The issue in the appeal was whether Central’s security interest in the equipment supplied after 30 January 2012 was ‘provided for’ by an arrangement entered into between Central and Swan in September 2009 for the supply of equipment on 30 day credit. 

Central claim could only succeed if it could show that this credit arrangement was a ‘security agreement [which] provided for the granting of’ a security interest in equipment supplied in the future.

Justice Ferguson at first instance rejected Central’s claim, holding that the credit arrangement did not ‘provide for’ the granting of the security interests in the future. 

The Court of Appeal decided that the terms on which Central agreed to provide credit to Swan included provision for the ROT clause as a standard term of each future supply of equipment. 

Accordingly, they allowed the appeal. 

In analysing the transitional arrangements, the Court of Appeal noted at paragraph 20: 


Plainly enough, what this provision contemplates is:
  • a security agreement in force before the commencement time (although continuing thereafter);
  • a security interest arising after the commencement time; and
  • the qualifying relationship between the agreement and the interest being that the agreement ‘provides for the granting of the security interest’.
Thus understood, a security agreement — in this case, a transitional security agreement — will ‘provide for’ a security interest if it ‘provides for the granting of’ the security interest at some time in the future.
The Court went on to note that on this analysis, the relevant definitions will be satisfied if the agreement or act said to constitute the transitional security agreement makes provision for the grant of future security interests in goods supplied. It is of critical importance, therefore, to determine when and how the agreement between Swan and Central was made, in order to determine whether or not it made such provision. 

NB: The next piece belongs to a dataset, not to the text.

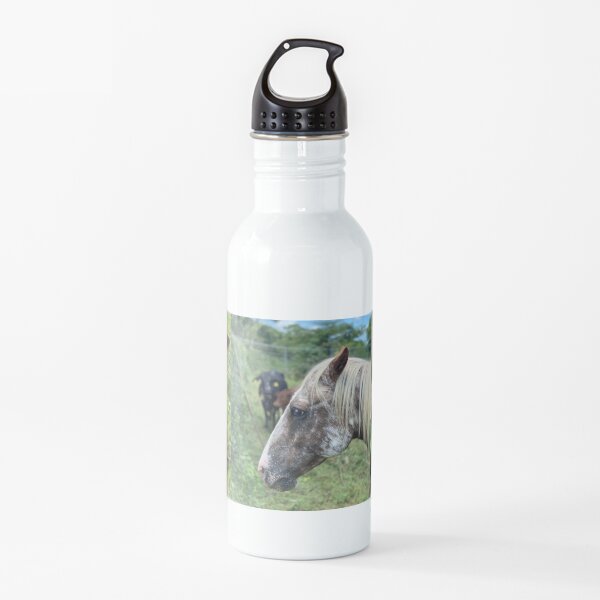 The Haven Farm Hooligans Water Bottle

In a relatively short judgment, Maxwell P and Tate and Beach JA unanimously concluded at paragraph 39: 


It is clear that, in its terms, each ROT clause had application only to the invoiced goods the subject of the particular supply. The result of the contractual analysis, however, is that:
  • Swan’s application for credit included an undertaking to be bound, in respect of every supply of equipment, by Central’s standard terms of supply;
  • the ROT clause was in existence, as a standard term of supply, at the date on which the credit agreement became binding on Swan, being the date on which Swan received the first invoice for equipment supplied; and
  • under that agreement, Swan accepted that all future supplies of equipment would be governed by that standard term (which would be expressed in each case to relate to the particular equipment supplied).

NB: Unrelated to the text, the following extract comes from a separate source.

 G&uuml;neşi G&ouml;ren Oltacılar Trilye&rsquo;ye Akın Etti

In those circumstances, the Court of Appeal allowed the appeal and decided that an agreement came into force — at the time of the first supply of equipment — which did ‘provide for the grant of’ a security interest in relation to all future supplies of equipment. That agreement was a ‘transitional security agreement’, and each of the security interests granted in respect of equipment supplied subsequently was a ‘transitional security interest’. 

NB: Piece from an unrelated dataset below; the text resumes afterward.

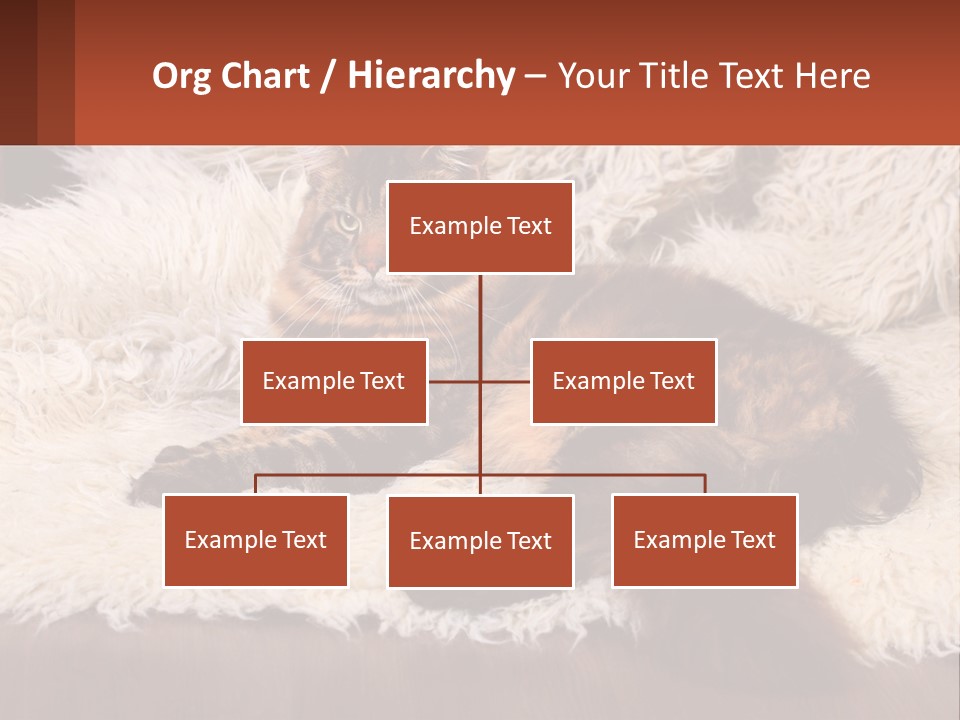 Conceptual Build Man PowerPoint Template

Central was therefore able to enforce the ROT clauses notwithstanding the absence of registration.

Conclusion 
Although this decision allowed Central to enforce its ROT, it still highlights the importance of registering security interests arising from retention of title clauses on the PPSR to perfect that security interest.

Without the transitional provisions of the PPSA, Central would not have been able to enforce its ROT clause.


It should also be noted that the transitional provisions under the PPSA have now expired, so it is now unlikely that there will be further successful claims under those provisions.